Last week, while I was at work, an e-mail pinged in from my friend Machelle. Noticing that it was titled simply, “Recess,” I cringed as I clicked to open it. Machelle has four young children and is not one to send me notes about cute antics; if the title was “recess,” it was about something that went wrong at recess—either with her children or my own.
I quickly read the e-mail. I was right. Her fifth-grade son had approached her, crying, at lunch recess, when she was dropping off her kindergartner for the afternoon. Some boys in his class would not let him play basketball.
As we exchanged e-mails, I recognized the names of the exclusionary boys as ones I had heard too often before—both from my own children and from other parents. I thought of them as the “alpha-male boys”; some parents called them bullies. The school agreed with the second label, and after Machelle spoke to her son’s teacher, each of the boys received the first warning step in the school’s bullying prevention program.
School is one of the most challenging places for our children to live out Jesus’ command to love their neighbor. The complicated web of social interaction means that often kids are jockeying for position within their class. Helping children to approach interaction with peers from a Christian perspective can be difficult when their peers may have an entirely different agenda that has nothing to do with “loving neighbors” and everything to do with establishing power.

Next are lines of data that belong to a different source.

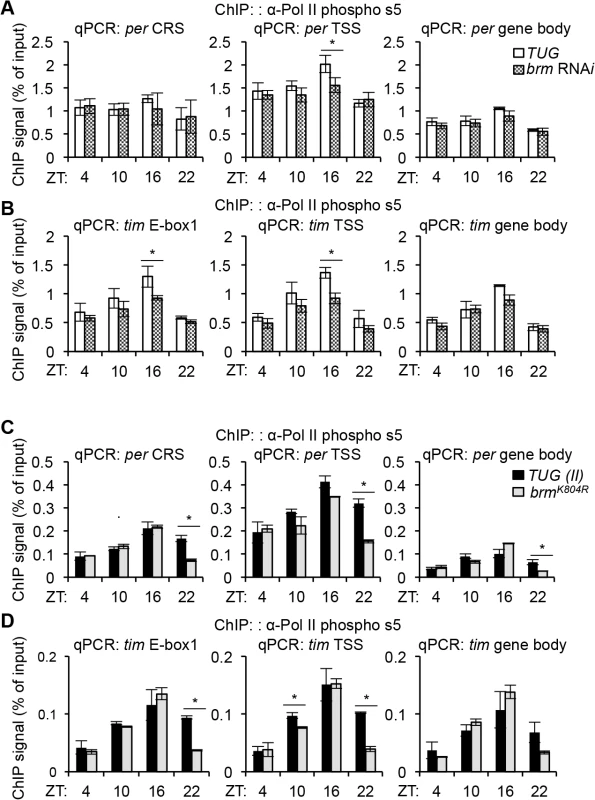 BRM-established chromatin landscape plays a role in regulating RNAPII dynamics.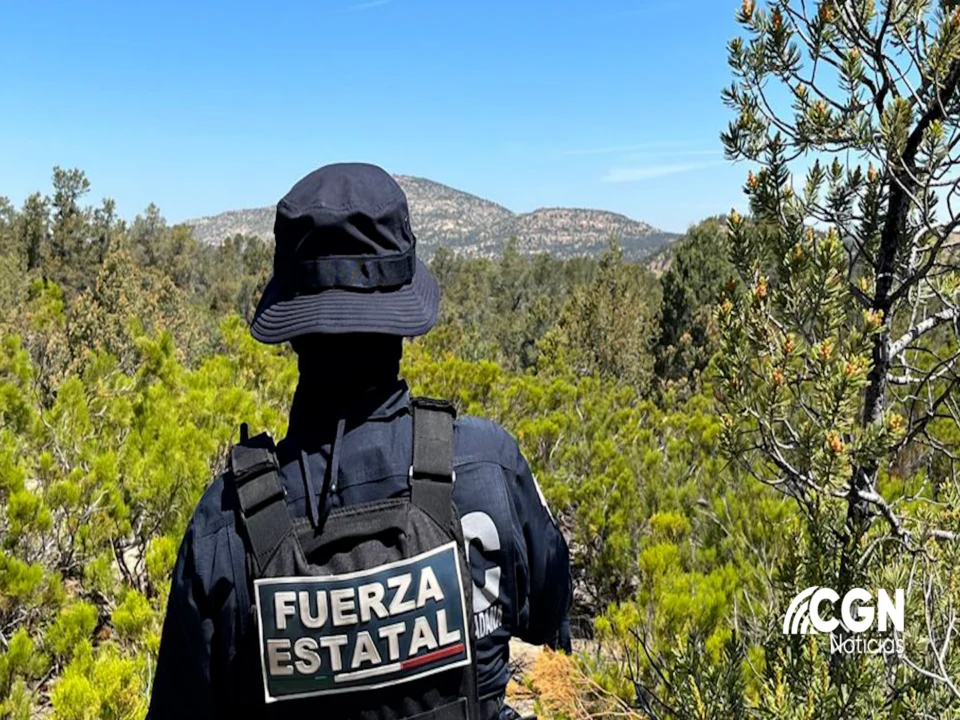 DESTRUYEN UN MILLÓN DE PLANTAS DE MARIHUANA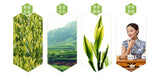 100g Chinese Fuding Silver Needle White Tea Bai Hao Yin Zhen Tea Health Care Tea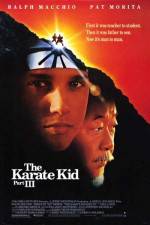Watch The Karate Kid, Part III Vidbull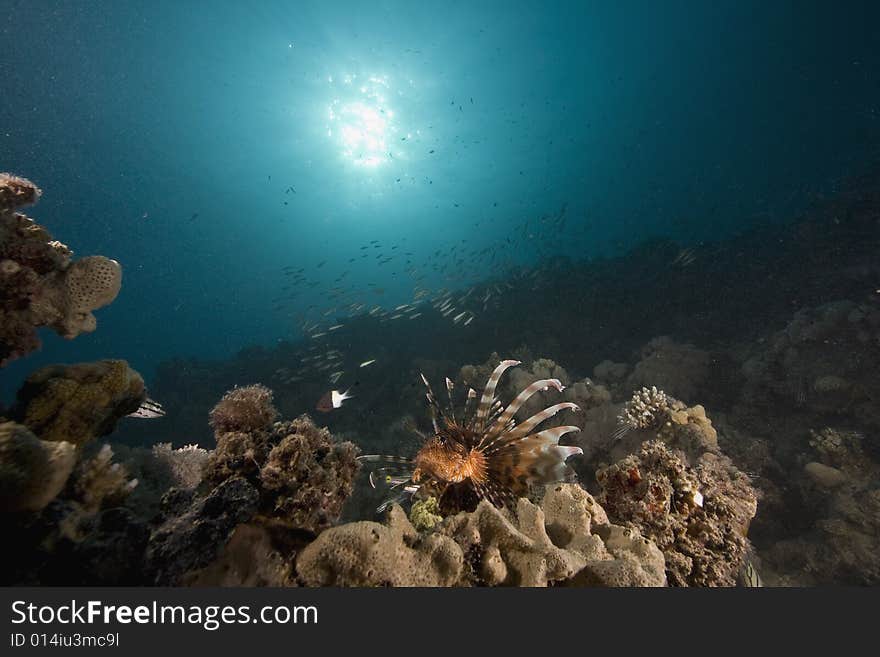 Coral and fish taken in the Red Sea.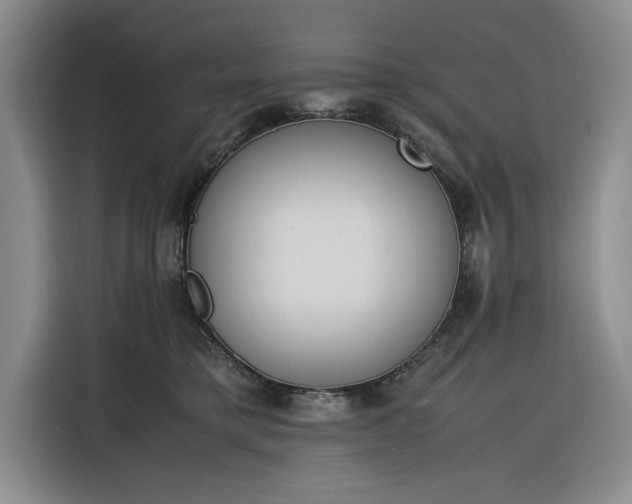 X0000116270421200912071046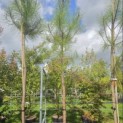 Pinus Pinaster - Foto 1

Parents who hold their child to high expectations in terms of how to treat others, however, find that over time, their children become more confident. With confidence comes the respect of classmates, and if there are enough “right acting” children, those kids—not the bullies—eventually set the tone for the class.
Give your child some key phrases
Michele Borba, author of Parents Do Make a Difference: How to Raise Kids with Solid Character, Strong Minds and Caring Hearts (Jossey-Bass), said that parents and teachers can help kids come up with words and phrases to help people feel good. Her examples include: I enjoyed that. I’m glad you’re back. Are you all right? How can I help? You look upset.
Help them to forgive and be forgiven
Our church gives us some powerful resources to help both adults and kids through even the most challenging relationships. Parents who recognize this give their children a gift to take with them into adulthood. Each week, as we recited the Our Father before the Eucharist, we say, “Forgive us our trespasses as we forgive those who trespass against us.”
If you know that your child has had a rough week at school with friendship issues, talk about forgiveness before Mass and ask him or her to pay special attention for times to ask for forgiveness. If you hold hands during the Our Father, give your child a quick squeeze during the part about forgiving. Consider going to the sacrament of Reconciliation during tough times. Once, after our family went to Reconciliation, our son Liam, then 8, reacted by racing around the church parking lot afterwards. “I feel so light!” he told us by way of explanation.
Help them be inclusive
Jesus instructed his followers that when giving a luncheon, they should not invite friends, rich neighbors, or relatives, but instead should invite those who cannot repay them (Luke 14:12–24). We can teach our children to follow in Jesus’ example by encouraging them to plan pay dates with kids who might be otherwise excluded—the quiet child whom no one notices; the child who doesn’t live near everyone else; the child labeled as “not cool.” While children should certainly be allowed a choice in whom they invite to their home, parents can provide guidance to help kids move beyond the obvious choices—those popular kids that everyone thinks of first.